- _SUPPLIED INFORMATION_:
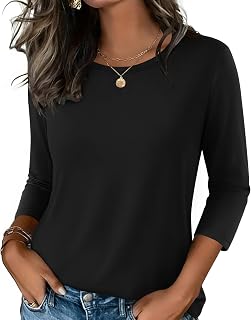 Zeagoo Women Casual 3/4 Sleeve Round Neck Cute Tunic Tops Basic T Shirts Work Blouses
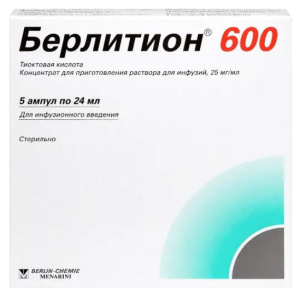 Купить: Берлитион 600 25 мг/мл 24 мл 5 шт концентрат для приготовления раствора для инфузий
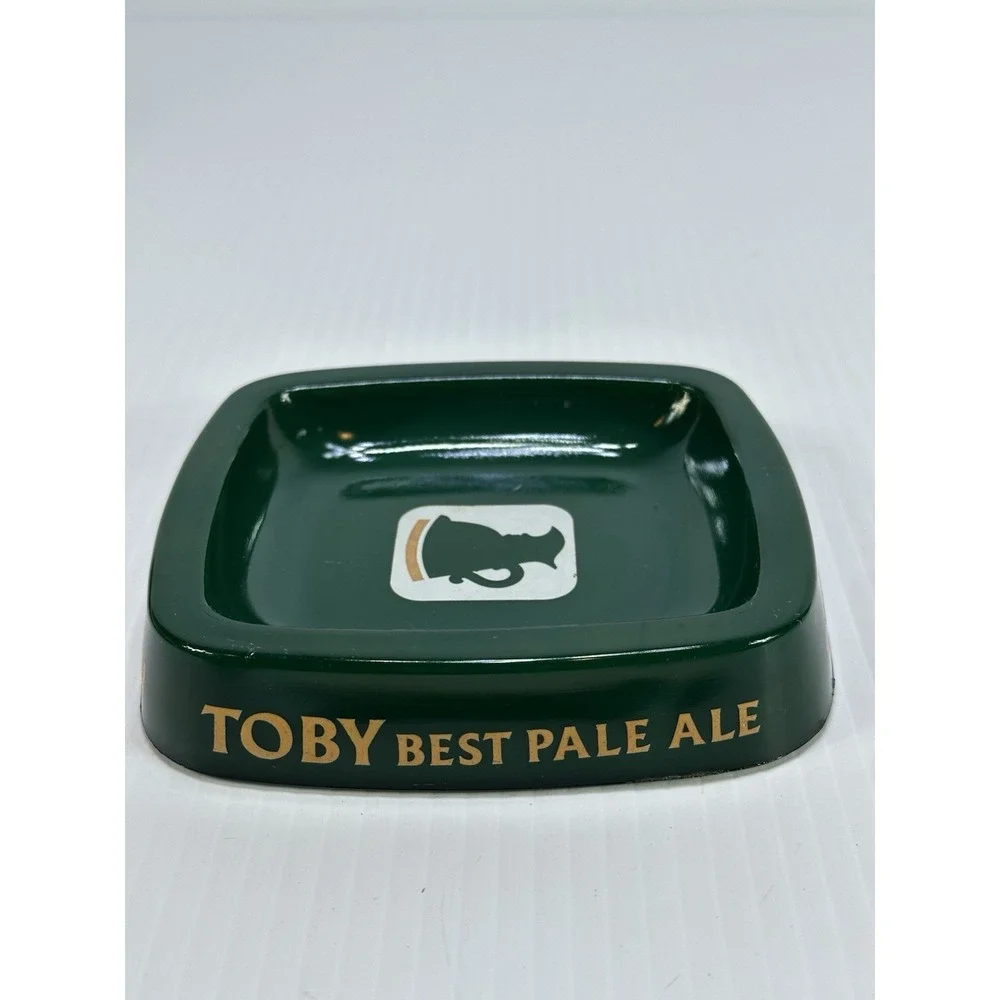 Vintage CHARRINGTON Toby Best Ale‎ Green Glass Heavy Ashtray Barware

- _TASK PROMPT_: Copy out the data above exactly, except the pictures.

- _EXERCISE ANSWER_:
 Zeagoo Women Casual 3/4 Sleeve Round Neck Cute Tunic Tops Basic T Shirts Work Blouses
 Купить: Берлитион 600 25 мг/мл 24 мл 5 шт концентрат для приготовления раствора для инфузий
 Vintage CHARRINGTON Toby Best Ale‎ Green Glass Heavy Ashtray Barware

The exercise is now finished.